• _Required work_
Should a picture appear anywhere in the data, omit it and copy everything else exactly.

++++ Input data ++++

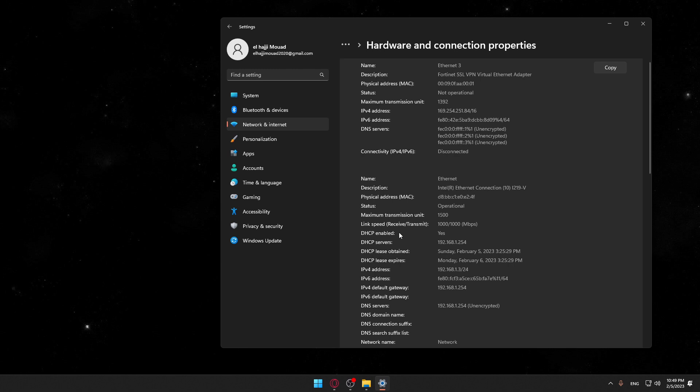Once you click on it, you will be able to view the physical address, which is the MAC, right here, which is the third option. As you can see, that will be it for me.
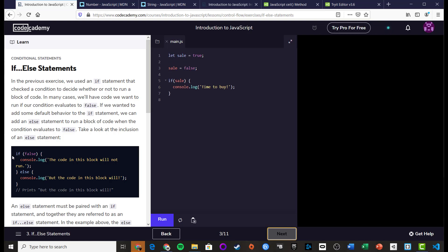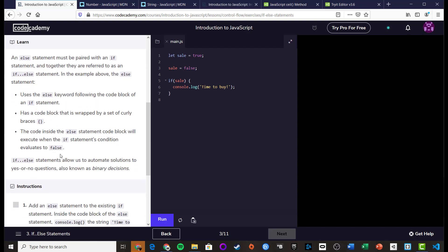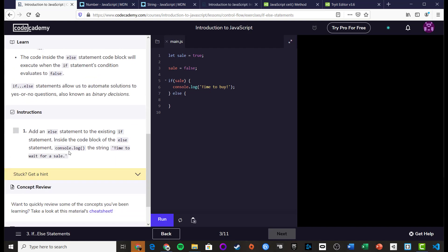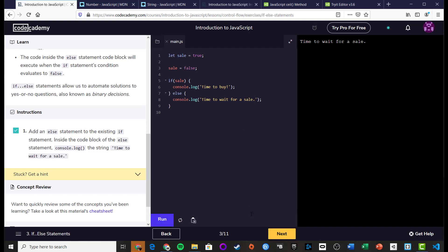Now we've got an if/else. If it's true it does this section; otherwise if it's false, it runs the second code block. So we have: sale assigned to false, and in the else block we console.log 'time to wait for a sale'. Running it, it's printed out 'time to wait for a sale'.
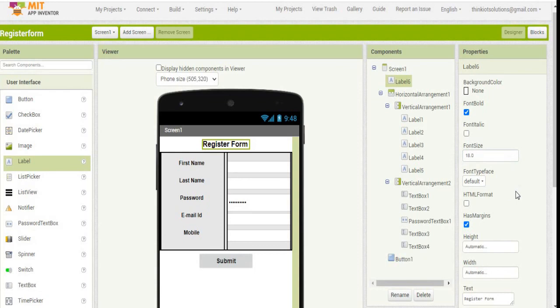So we have done with this. In this application, we have seen how to create a register form. We have not seen where to store this information and how to retrieve this information at the time of login page. That's all about this application. Thank you.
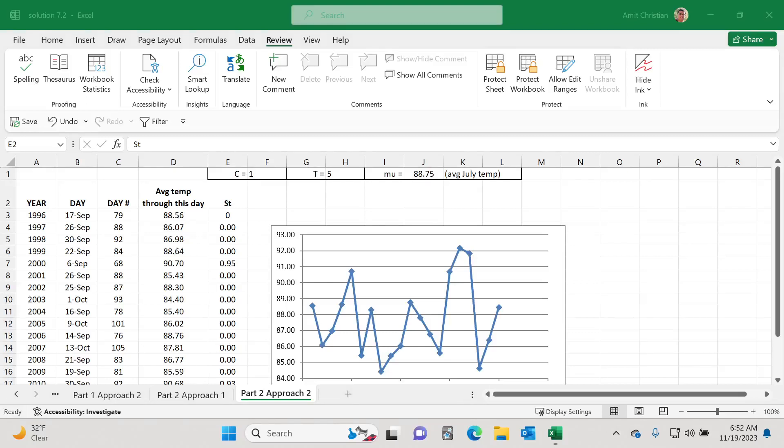In this video, we'll learn how we can set the zoom level for multiple worksheets in Microsoft Excel.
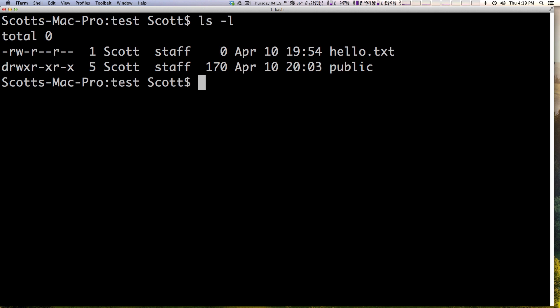You're going to get used to seeing these same patterns over and over. Let's say you have this hello.txt and you didn't want anyone other than Scott the user to be able to read this file. Scott can read and write this file but we don't want anybody else to be able to read it.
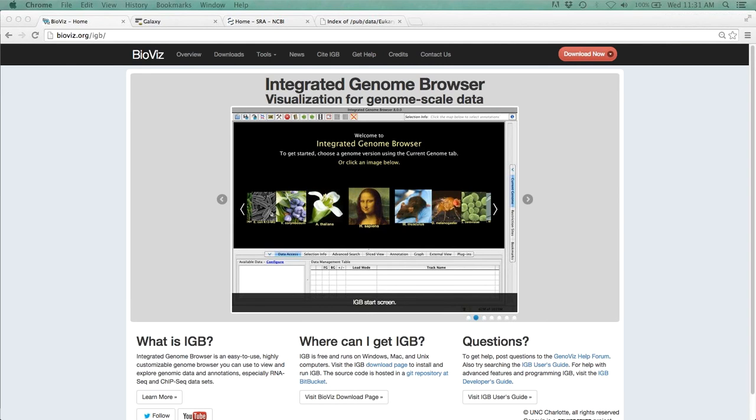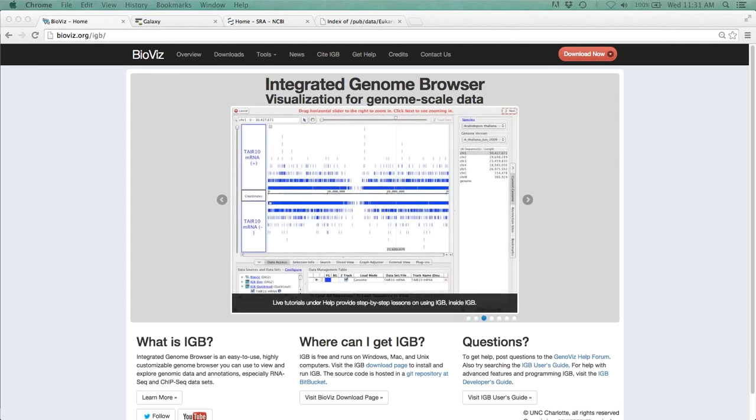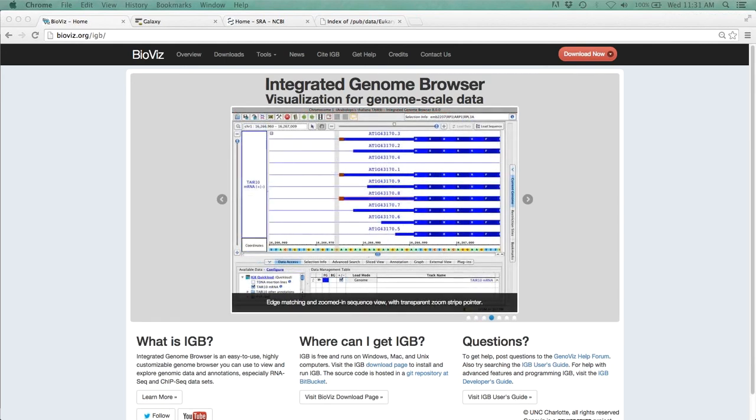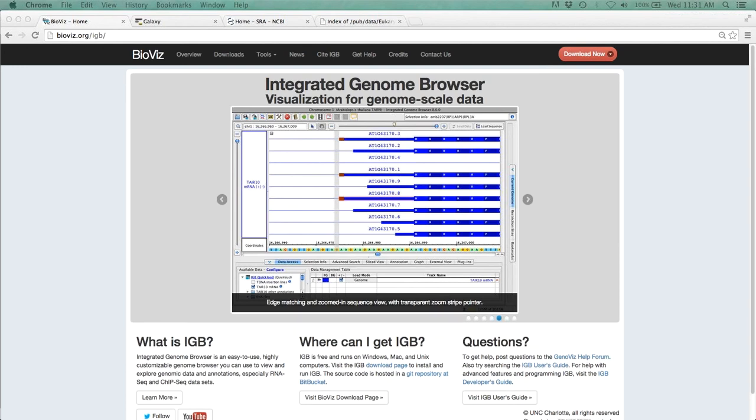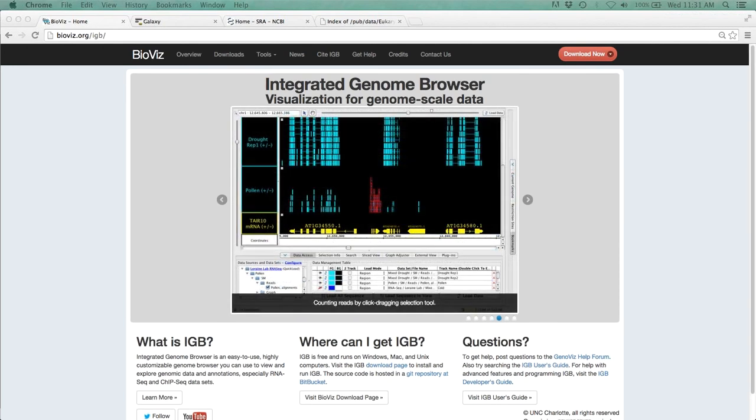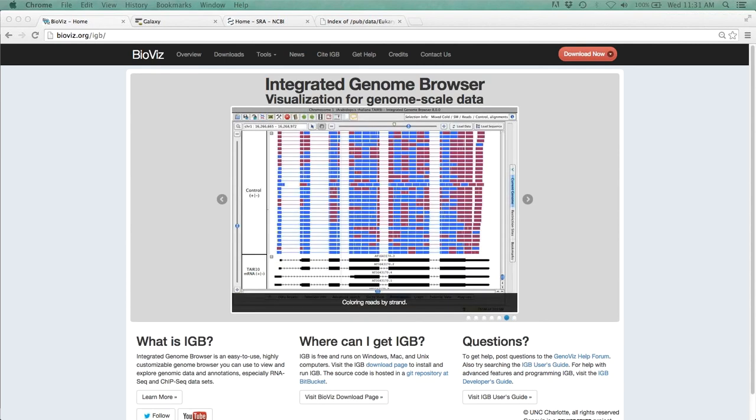The main key with the approach we are taking today is that it requires no programming. Everything will be done through a website called Galaxy. Galaxy is an open web-based platform for biomedical research. Many of Galaxy's functions require no programming experience and can all be done through its web browser.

++++

• _Response to this task_
Once you click on it, you will be able to view the physical address, which is the MAC, right here, which is the third option. As you can see, that will be it for me.
Now we've got an if/else. If it's true it does this section; otherwise if it's false, it runs the second code block. So we have: sale assigned to false, and in the else block we console.log 'time to wait for a sale'. Running it, it's printed out 'time to wait for a sale'.
So we have done with this. In this application, we have seen how to create a register form. We have not seen where to store this information and how to retrieve this information at the time of login page. That's all about this application. Thank you.
In this video, we'll learn how we can set the zoom level for multiple worksheets in Microsoft Excel.
You're going to get used to seeing these same patterns over and over. Let's say you have this hello.txt and you didn't want anyone other than Scott the user to be able to read this file. Scott can read and write this file but we don't want anybody else to be able to read it.
The main key with the approach we are taking today is that it requires no programming. Everything will be done through a website called Galaxy. Galaxy is an open web-based platform for biomedical research. Many of Galaxy's functions require no programming experience and can all be done through its web browser.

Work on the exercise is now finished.